PgmNr P369: Estimating ages of singletons and other rare alleles.

Authors:
A. Platt; J. Hey


Institutes
Temple University, Philadelphia, PA.


Abstract:

The ages of different variants segregating in the human population is a topic of considerable current interest. In a typical population genomic sample, however, a full half of the identified variants are present in only a single copy. Existing methods that estimate ages based on allele frequencies can only assign all of these variants to a single, yougest, age class, and methods based on the decay of linkage disequilbrium or shared haplotypes surrounding rare alleles are inapplicable.  This leaves this largest class of variants almost completely uncharacterized. 

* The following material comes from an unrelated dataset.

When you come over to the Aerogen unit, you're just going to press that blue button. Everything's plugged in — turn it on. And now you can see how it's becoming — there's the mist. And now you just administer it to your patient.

There exists, however, real information in a population genomic sample that will allow us to estimate the ages of individual singleton alleles. In an infinite sites model where each allele has a unique origin, the mutation that created an allele found in a singleton must post-date the most recent common ancestor shared between the individual carrying the singleton allele and any other individual in the sample. We propose an estimate of the time since this common ancestor as a function of the maximum length of haplotype shared between the individual containing the singleton allele and any other individual in the sample. Conditional on the age of this ancestor, the probability distribution of the age of the allele is uniform over the open range (0, age of ancestor) and has an expected age half that of the common ancestor.

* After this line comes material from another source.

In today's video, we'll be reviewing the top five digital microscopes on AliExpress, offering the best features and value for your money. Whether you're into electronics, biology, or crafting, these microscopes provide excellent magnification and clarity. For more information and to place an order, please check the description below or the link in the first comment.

This estimator applies not just to singletons, but any rare allele. For alleles present in multiple copies we use the singleton model to generate a composite likelihood estimate of the age of the most recent common ancestor shared between all of the individuals carrying the allele and any of the other individuals in the sample. This estimate will be more a more precise than in the singleton case due to combining the estimates from multiple observations.  Furthermore, previous methods for estimating the age of the most recent common ancestor of the individuals who share the allele refine the estimate of the age of the allele itself to a uniform density over the interval (age of ancestor among carriers, age of ancestor between carriers and others).